Systems Medicine Lectures

Systems Medicine: Data Analytics and Mechanisms Lectures

Multi-omics and multi-model measurements on human physiology has led to significant understanding of normal and pathophysiological functions in humans.

The key challenge continues to be conversion of data into mechanistic models at multiple scales to facilitate an “engineering” concept of human cells, tissues, and organs; in other words, identification of components of living tissues at multiple scales will enable explore the function at a modular mechanistic level. This is the high level perspective of this course.
The course will begin with introduction to “omics” including phenomics data – types, formats, measurement modalities, ontologies, representation, and data resources. Some statistical concepts will also be presented. All methods and tools will be discussed in the context of the systems lectures.
In more granular terms, I propose to take 5-6 exemplar human physiology systems which have significant high content data publicly available along with a detailed understanding of physiology and pathophysiology and help build a data-driven model of the systems.
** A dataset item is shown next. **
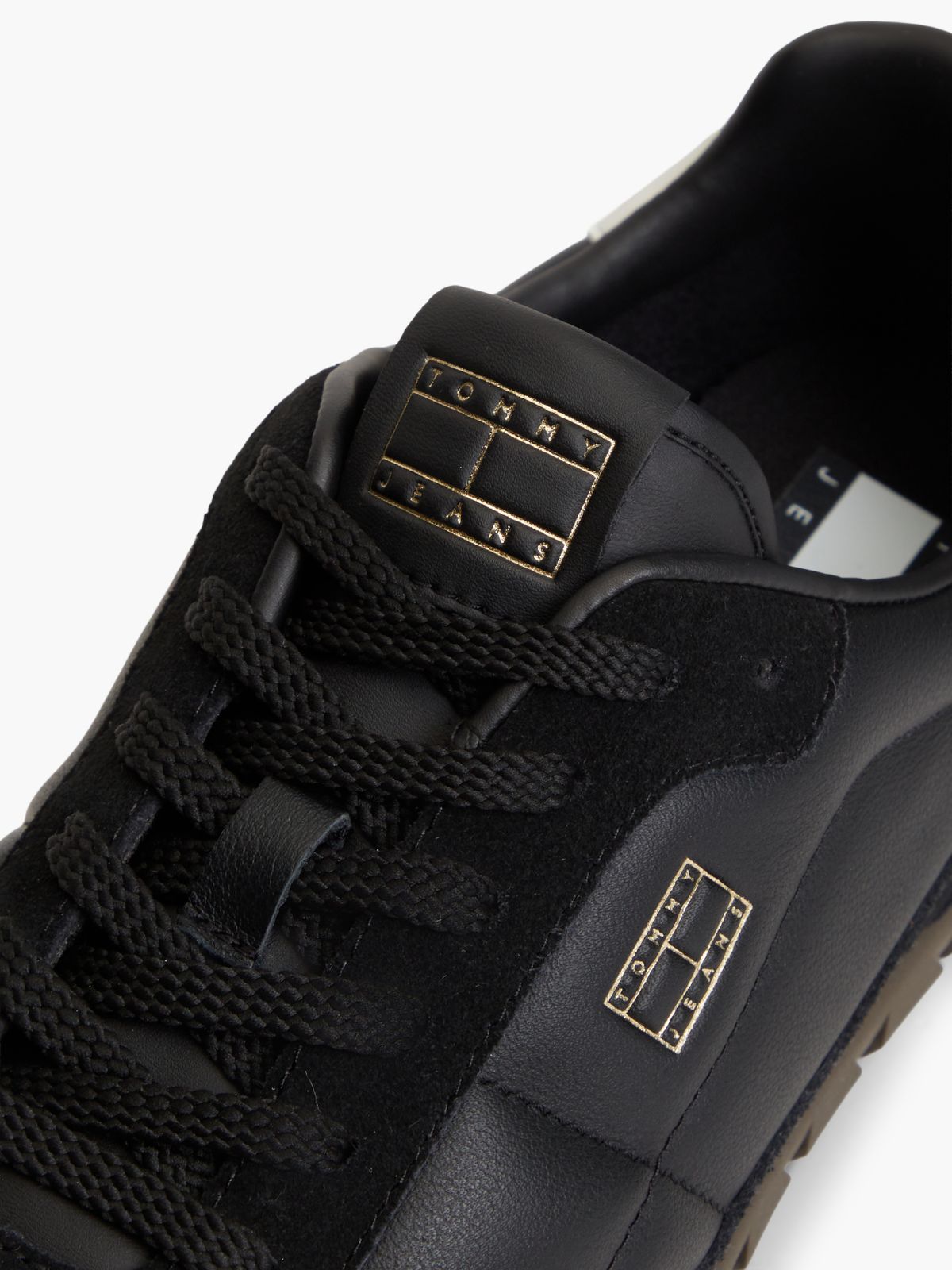Leather Mixed Texture Low Profile Trainers — Black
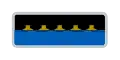 A USB 3.0 Standard‑A plug: a metal shell, 12 by 4 millimetres, with a plastic insulator body occupying the lower half of the space inside the shell. It is distinct from the earlier version only in that it has five additional contacts deep inside and that the insulator is either blue (Pantone 300 C) for USB 5Gbps, or teal blue for USB 10Gbps.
While, this is subject to change, I propose to use the following exemplars:

  1. Human skeletal muscle function, pathologies, and models
  2. Human liver function, regeneration, pathologies, and models
  3. Cancer with specific study of colon cancer along with a description of colon physiology,
    function, and models.
  4. Neurodegeneration with specific focus on Alzheimer’s disease, pathological function, and
    models
  5. Human vascular system with diseases associated with normal and disturbed flow,
    physiology, pathology, and models
  6. Human immune system – basic biology and models

The course will try to accomplish the following:
For each system, a) Present the basic biology/physiology in terms of what is known; b) mechanisms and phenotypes will be presented to the extent known; c) molecular and cellular components involved will be illustrated to the extent they are known; d) students will be provided with (or pointed to) omics data pertaining to the system; e) methods of analyzing the data which lead to mechanisms will be illustrated; f) students will explore the data to choose one of these
systems as an example to develop novel analyses results and generate new hypotheses.